Often the inference of this question is that the current investment strategy is not or will not be fit for purpose post the UK exiting the EU.

The investment portfolios that we put together for our clients will cover all the four asset classes, broken down into shares both in the UK and overseas, cash, fixed interest and commercial property. Currently the maximum exposure to UK shares in our portfolios is 38% (this is one of the highest risk portfolios). Therefore, whilst BREXIT may affect UK equities (positive or negative) it only forms one, often small, part of our client’s investment strategy.

If you are considering taking a more defensive position with your investments i.e. by switching all or a large percentage of your holdings into cash, when do you reinvest? Attempting to correctly time when and how much you feed back into the market to purchase equities is likely to be tricky. As an example, many investors sought a more cautious investment strategy prior to the vote to exit or remain in June 2016, only to see investment markets pick up whilst their portfolios were left stranded overweight in cash or fixed interest.

In addition, consider that there is now so much information and research available to investment managers that events such as BREXIT have often been priced into the market. What insight or information do you feel you have that has not already been factored into share prices?

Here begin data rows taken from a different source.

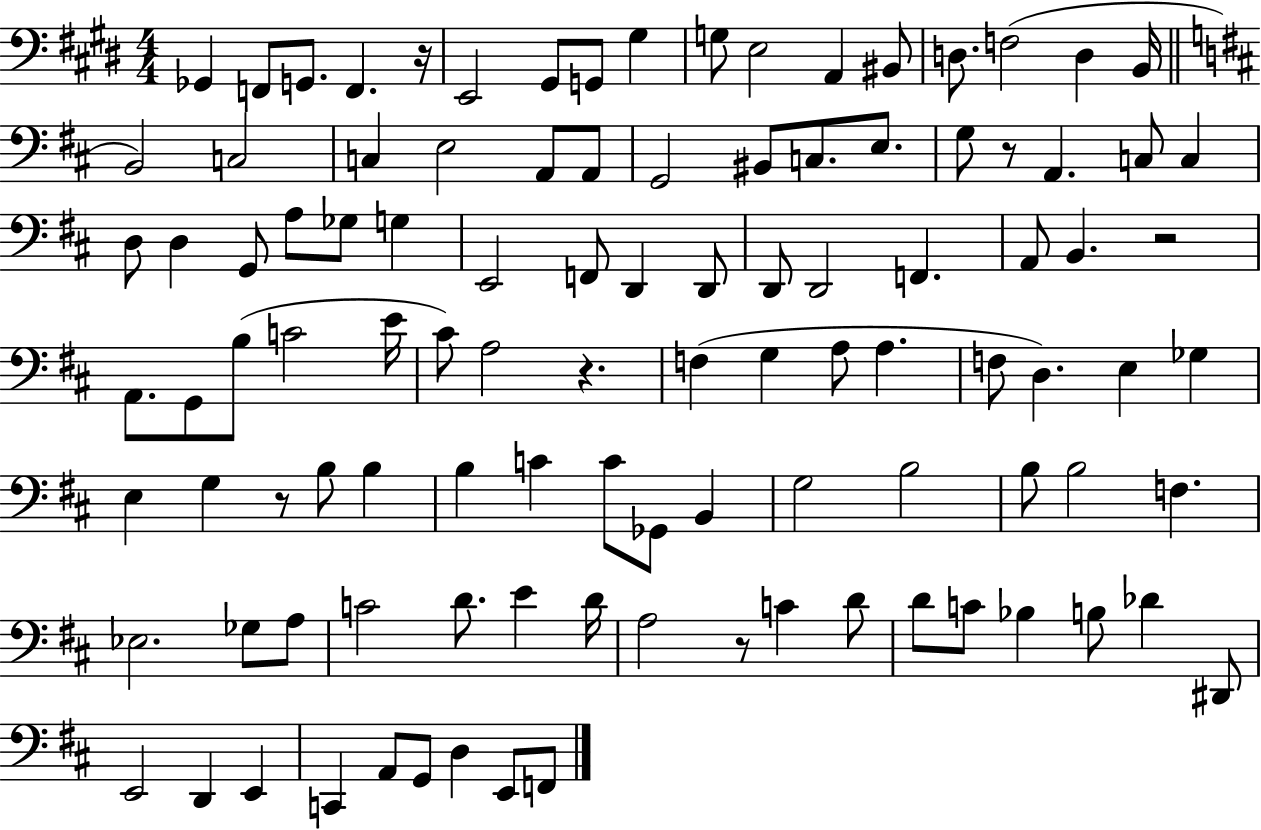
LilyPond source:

{
  \clef bass
  \numericTimeSignature
  \time 4/4
  \key e \major
  \repeat volta 2 { ges,4 f,8 g,8. f,4. r16 | e,2 gis,8 g,8 gis4 | g8 e2 a,4 bis,8 | d8. f2( d4 b,16 | \break \bar "||" \break \key d \major b,2) c2 | c4 e2 a,8 a,8 | g,2 bis,8 c8. e8. | g8 r8 a,4. c8 c4 | \break d8 d4 g,8 a8 ges8 g4 | e,2 f,8 d,4 d,8 | d,8 d,2 f,4. | a,8 b,4. r2 | \break a,8. g,8 b8( c'2 e'16 | cis'8) a2 r4. | f4( g4 a8 a4. | f8 d4.) e4 ges4 | \break e4 g4 r8 b8 b4 | b4 c'4 c'8 ges,8 b,4 | g2 b2 | b8 b2 f4. | \break ees2. ges8 a8 | c'2 d'8. e'4 d'16 | a2 r8 c'4 d'8 | d'8 c'8 bes4 b8 des'4 dis,8 | \break e,2 d,4 e,4 | c,4 a,8 g,8 d4 e,8 f,8 | } \bar "|."
}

With the above in mind, reflect on whether you are investing for the longer term or are you speculating on the market? These are very different strategies. Our clients will be investing for the medium to long term (seven years plus) and in most instances we will have considered the merits of keeping an emergency or contingency fund for short-term cash needs.

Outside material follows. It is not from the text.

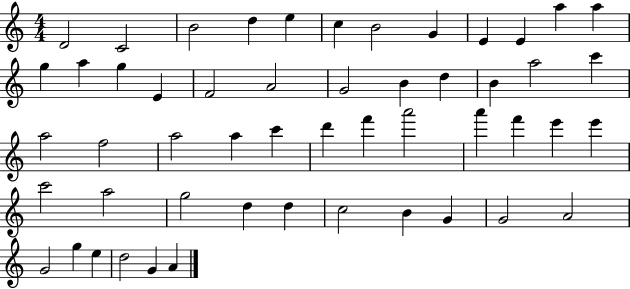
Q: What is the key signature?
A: C major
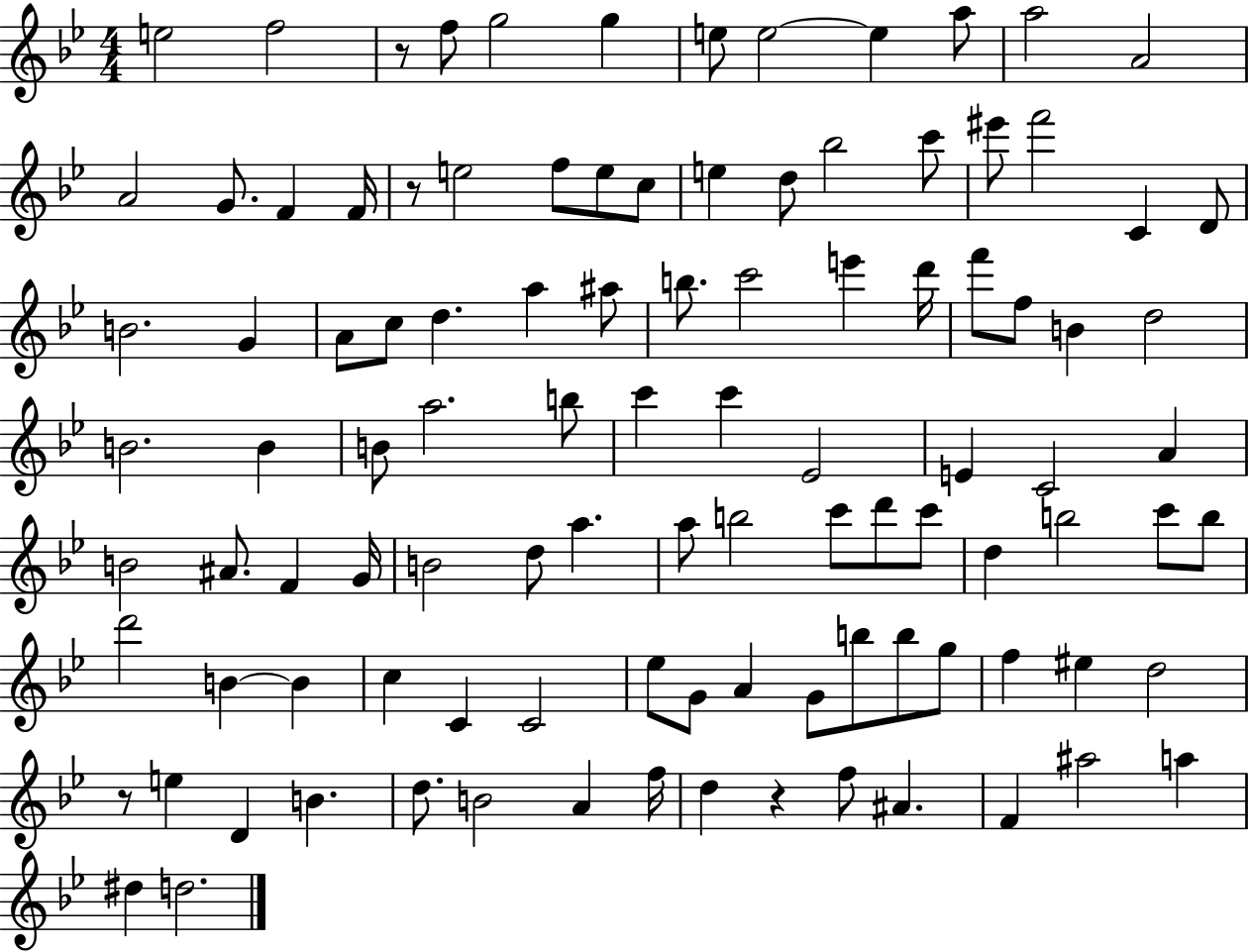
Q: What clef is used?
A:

There will always be events both bigger and smaller in nature, which will influence the returns that investors enjoy. Unless there is a dramatic shift in how the developed world operates post BREXIT, investing across the four major asset classes rather than retreating to cash is likely to provide you with a more financially rewarding outcome.

With this in mind, we would recommend retaining a well-diversified portfolio aligned to your attitude to investment risk and your ability to absorb a short-term fall in the value of your investments. If you feel that now is the time to review your investments and pensions to ensure that you are as prepared as you can be for BREXIT then do contact us at Wingate for an initial consultation.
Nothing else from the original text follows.